*** Begin section ***

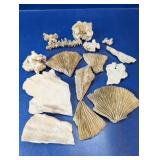 Mixed Fossilized Coral and Sea Fan Lot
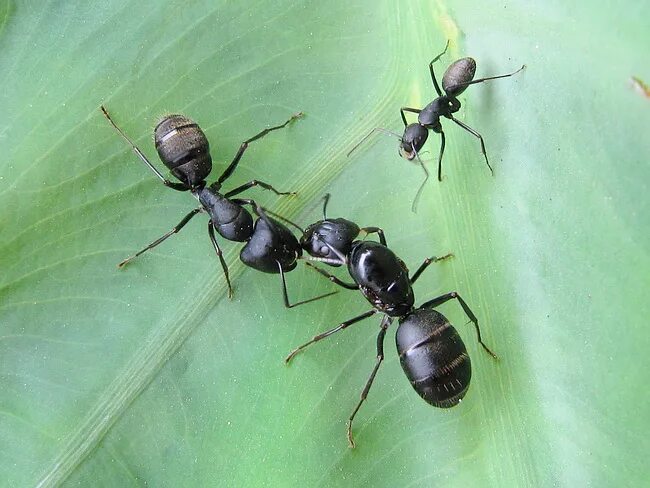 Ant world. Муравьи кампонотус японикус. Camponotus japonicus японский древоточец. Camponotus piceus матка. Camponotus piceus Королева.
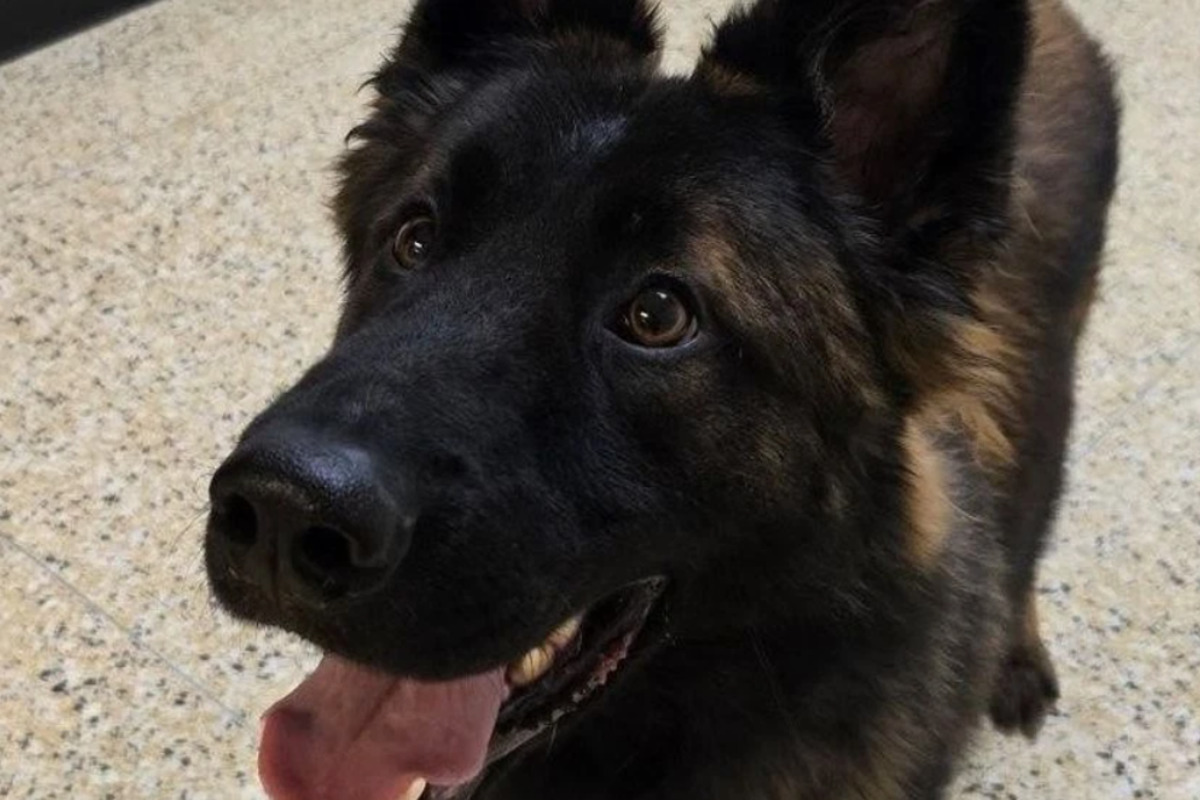 Port Huron Police Engage Local Students in Naming New Slovakian German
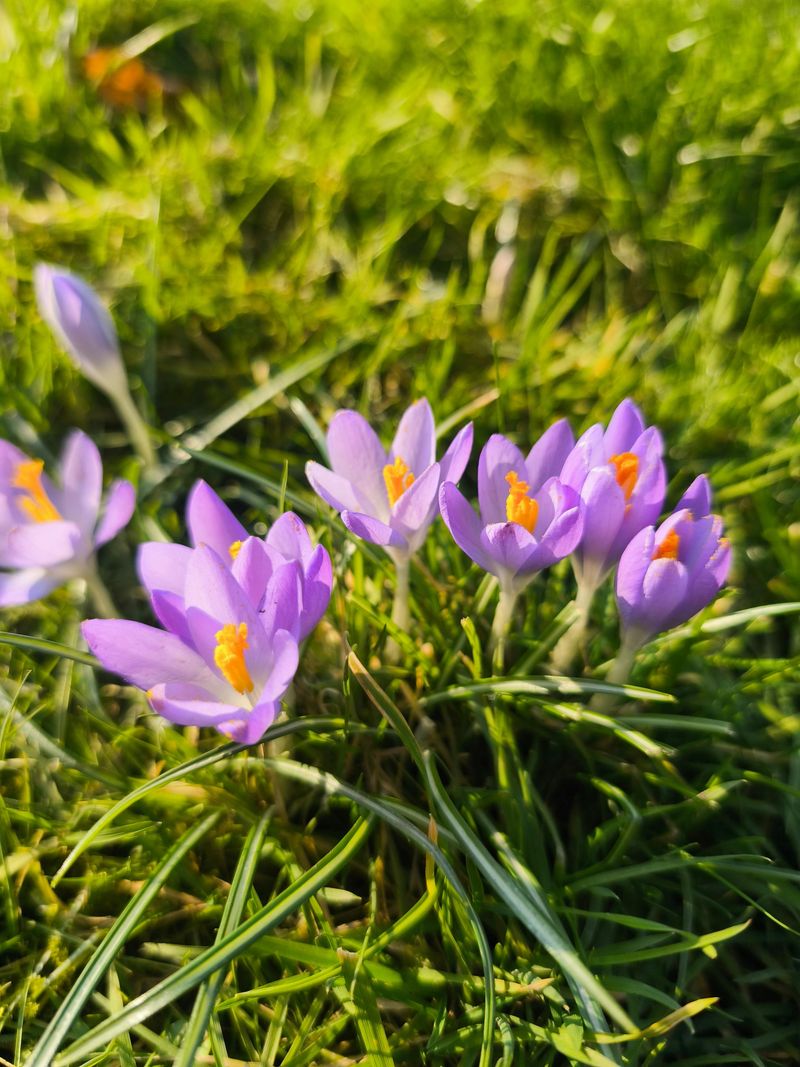 Spring Crocus Often Causes Unexpected Digestive Distress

*** End section ***

= ACTION ITEM =
Set the pictures aside and transcribe the data above exactly.

= SOLUTION TO THIS TASK =
 Mixed Fossilized Coral and Sea Fan Lot
 Ant world. Муравьи кампонотус японикус. Camponotus japonicus японский древоточец. Camponotus piceus матка. Camponotus piceus Королева.
 Port Huron Police Engage Local Students in Naming New Slovakian German
 Spring Crocus Often Causes Unexpected Digestive Distress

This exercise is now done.